Task to complete:
Repeat, word for word, all the data that follows, and exclude the pictures.
::: Given entries :::
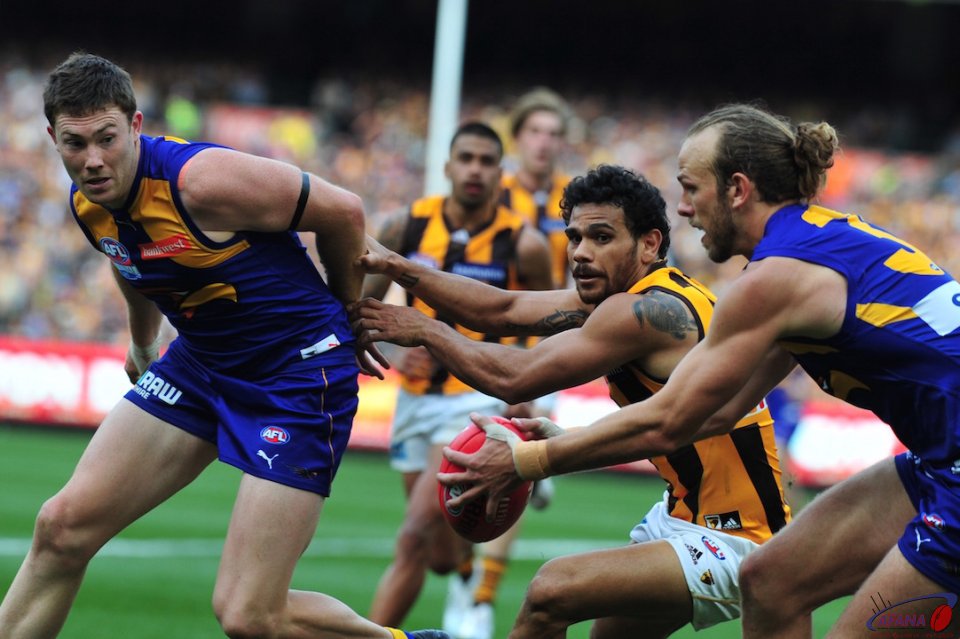 Schofield grabs the ball as McGovern sheppards Rioli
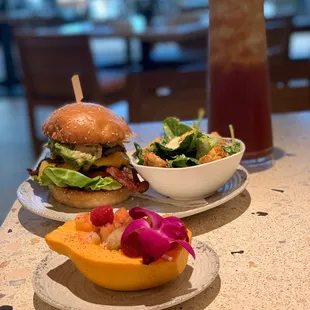 Double Cheeseburger with bacon and Avocado with a Caesar side salad and a side of fruit!
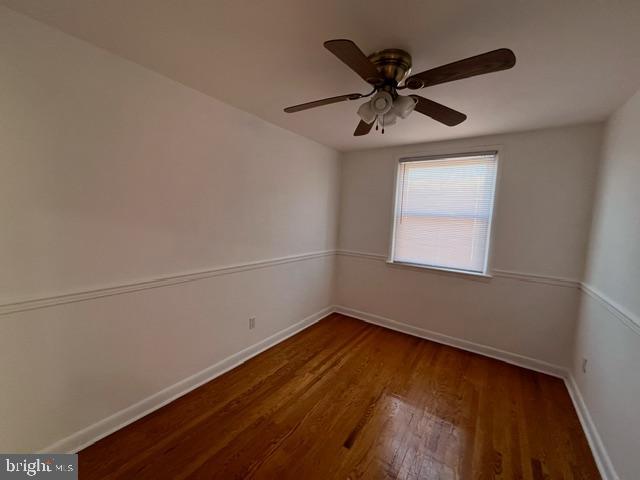 empty room with ceiling fan and dark wood-type flooring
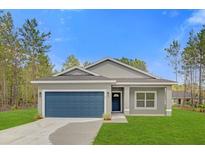 Charming single Gathering home boasts a blue garage door, green lawn, and freshly painted exterior at 95 Malauka Place Trak, Ocklawaha, FL 32179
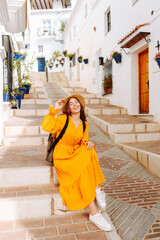 Beautiful tourist in bright dress enjoying trip to new city posing against white houses. Young...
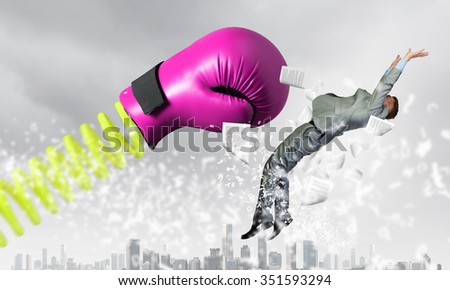 Young determined businessman fighting boxing glove on spring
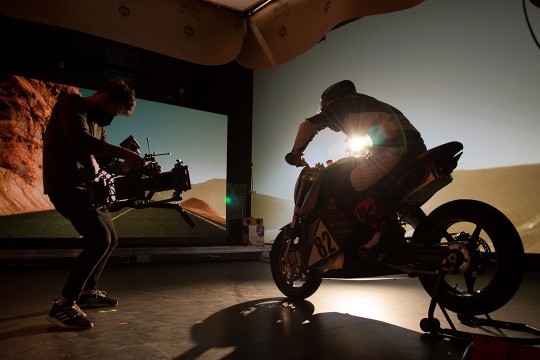 a videographer takes a video of a man on a motorbike in a studio.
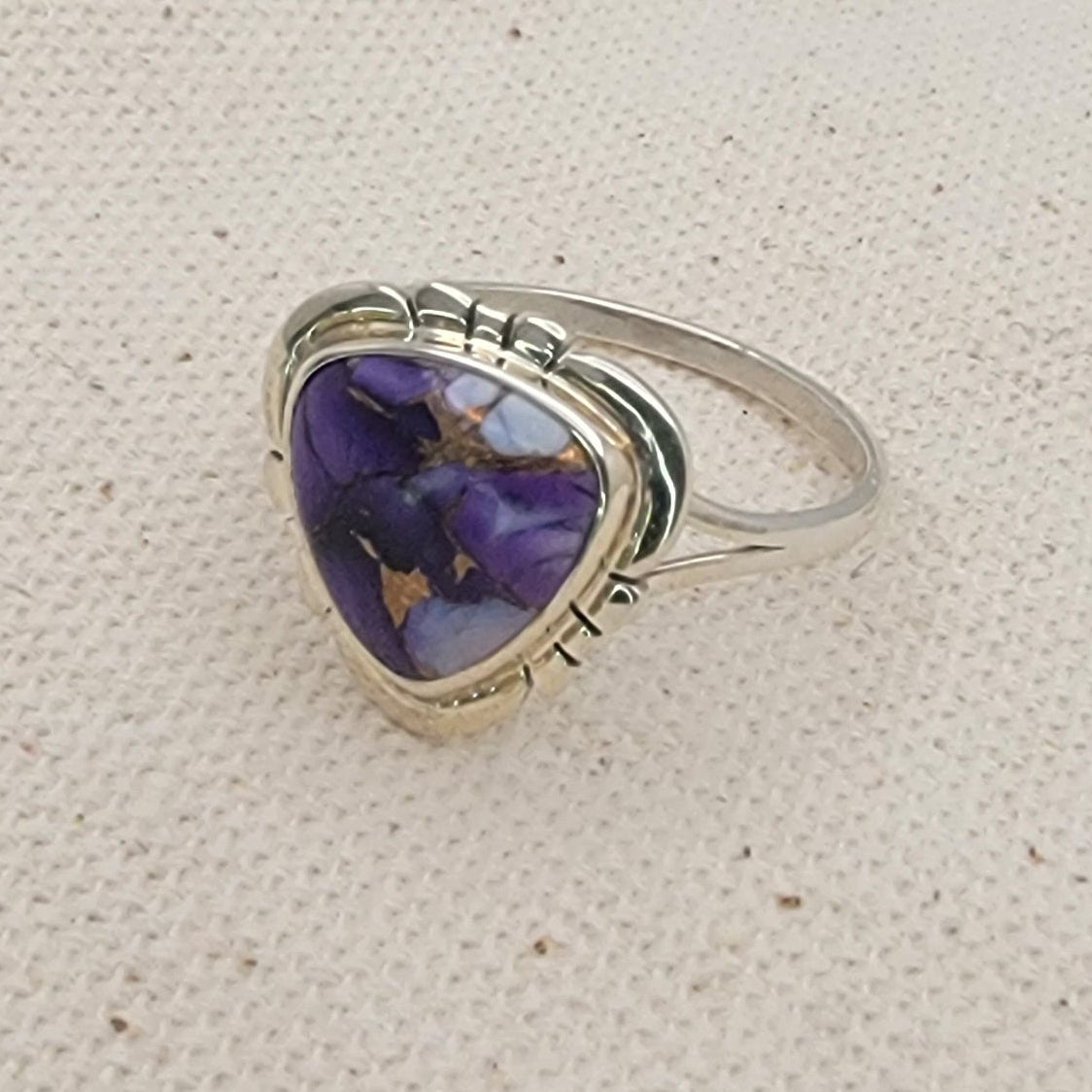 Silver ring with a purple triangular stone on a beige fabric background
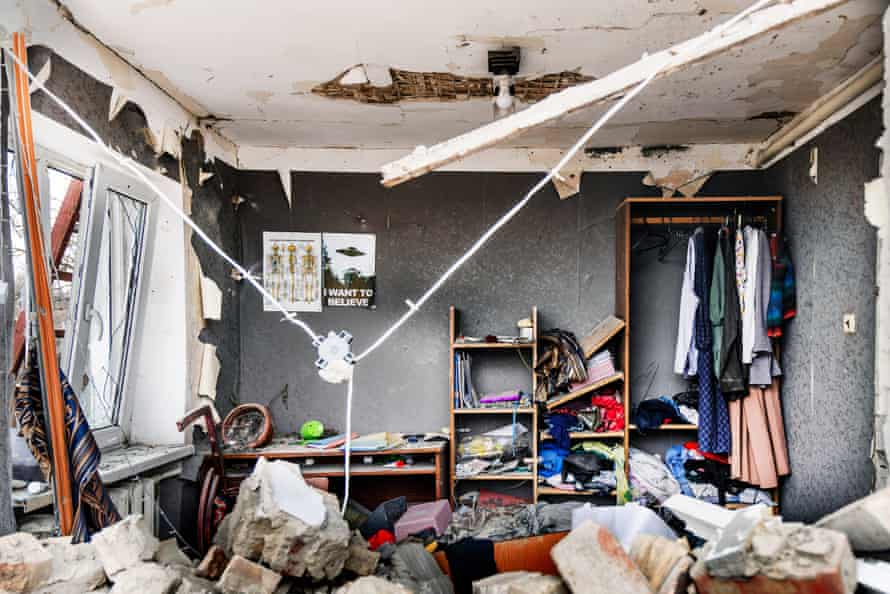 Damage to a room inside house in Hostomel with fallen masonry, rubble and broken furniture.
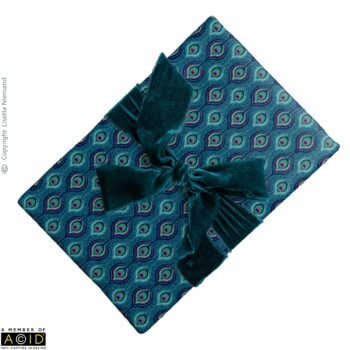 Stationery 2 Luxury wrapping paper design by Lisette Niemand featuring Peacock Indulgence from the Bohemian Spirit Collection, shown with a velvet ribbon bow. Features repeating peacock feather motifs in rich teal, emerald, and magenta tones.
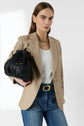 A woman wearing a beige blazer, white ribbed top, blue jeans, and gold necklace holds a black woven handbag. She stands against a plain white background, looking confidently at the camera.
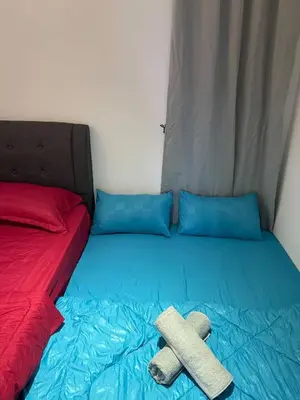 a bed with two towels on top of it at 100Mbps DesaPark MontKiara Publika Mitec Kepong Menjalara Segambut 7Pax in Kuala Lumpur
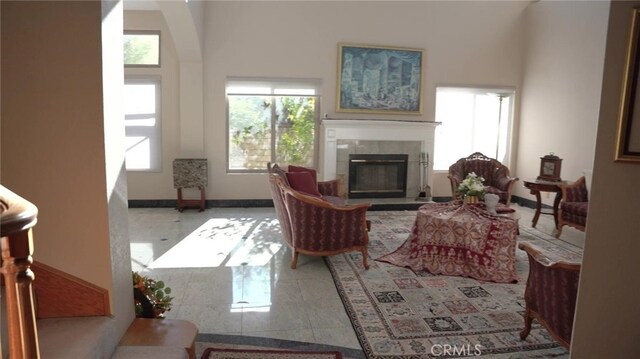 living room with a fireplace and tile patterned flooring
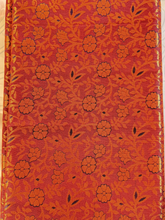 Red fabric with black floral pattern
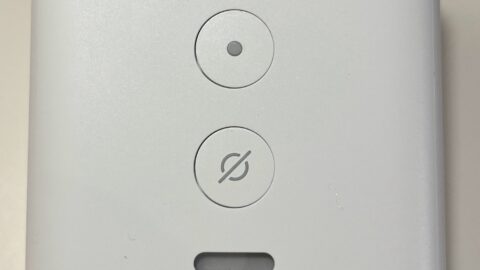 White Amazon Echo Flex smart speaker on a plain background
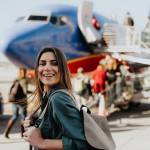 Young woman about to board an airplane
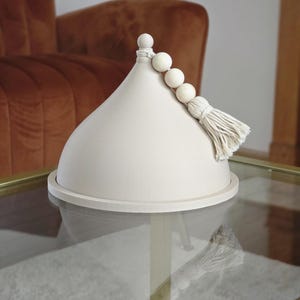 May include: A white ceramic dome with a wooden bead and tassel accent. The dome is sitting on a glass table.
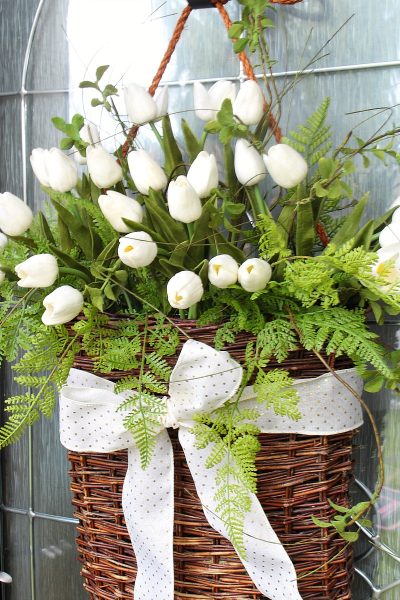 Pretty tulip wreath in a willow basket with gold polka dot ribbon.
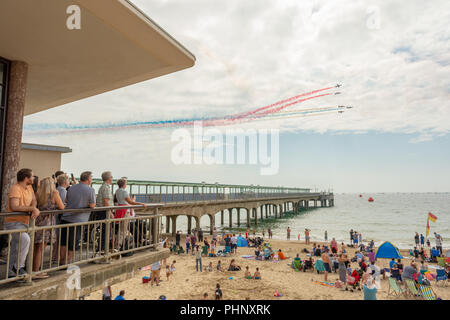 Bournemouth, Dorset, UK, Saturday 1st September 2018. Crowds of people watch from the beach and the pier as the Red Arrows fly past Boscombe Pier at the Bournemouth Air Festival. Stock Photo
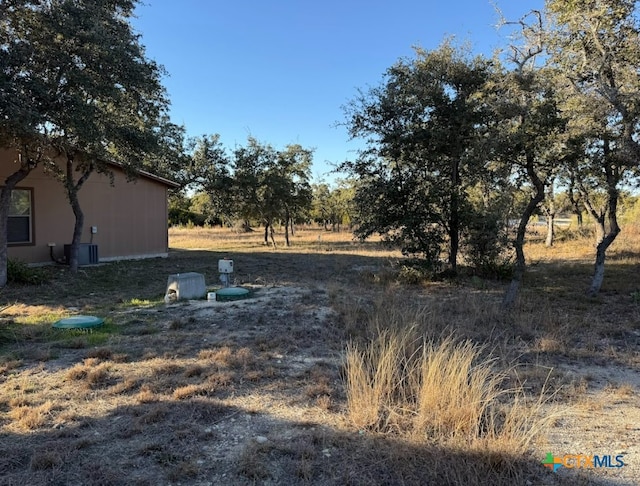 view of yard with central AC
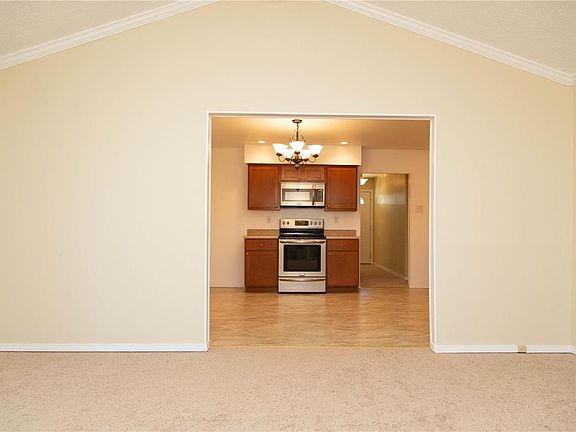 The great room opens to the kitchen.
:::
Solution to the exercise:
 Schofield grabs the ball as McGovern sheppards Rioli
 Double Cheeseburger with bacon and Avocado with a Caesar side salad and a side of fruit!
 empty room with ceiling fan and dark wood-type flooring
 Charming single Gathering home boasts a blue garage door, green lawn, and freshly painted exterior at 95 Malauka Place Trak, Ocklawaha, FL 32179
 Beautiful tourist in bright dress enjoying trip to new city posing against white houses. Young...
 Young determined businessman fighting boxing glove on spring
 a videographer takes a video of a man on a motorbike in a studio.
 Silver ring with a purple triangular stone on a beige fabric background
 Damage to a room inside house in Hostomel with fallen masonry, rubble and broken furniture.
 Stationery 2 Luxury wrapping paper design by Lisette Niemand featuring Peacock Indulgence from the Bohemian Spirit Collection, shown with a velvet ribbon bow. Features repeating peacock feather motifs in rich teal, emerald, and magenta tones.
 A woman wearing a beige blazer, white ribbed top, blue jeans, and gold necklace holds a black woven handbag. She stands against a plain white background, looking confidently at the camera.
 a bed with two towels on top of it at 100Mbps DesaPark MontKiara Publika Mitec Kepong Menjalara Segambut 7Pax in Kuala Lumpur
 living room with a fireplace and tile patterned flooring
 Red fabric with black floral pattern
 White Amazon Echo Flex smart speaker on a plain background
 Young woman about to board an airplane
 May include: A white ceramic dome with a wooden bead and tassel accent. The dome is sitting on a glass table.
 Pretty tulip wreath in a willow basket with gold polka dot ribbon.
 Bournemouth, Dorset, UK, Saturday 1st September 2018. Crowds of people watch from the beach and the pier as the Red Arrows fly past Boscombe Pier at the Bournemouth Air Festival. Stock Photo
 view of yard with central AC
 The great room opens to the kitchen.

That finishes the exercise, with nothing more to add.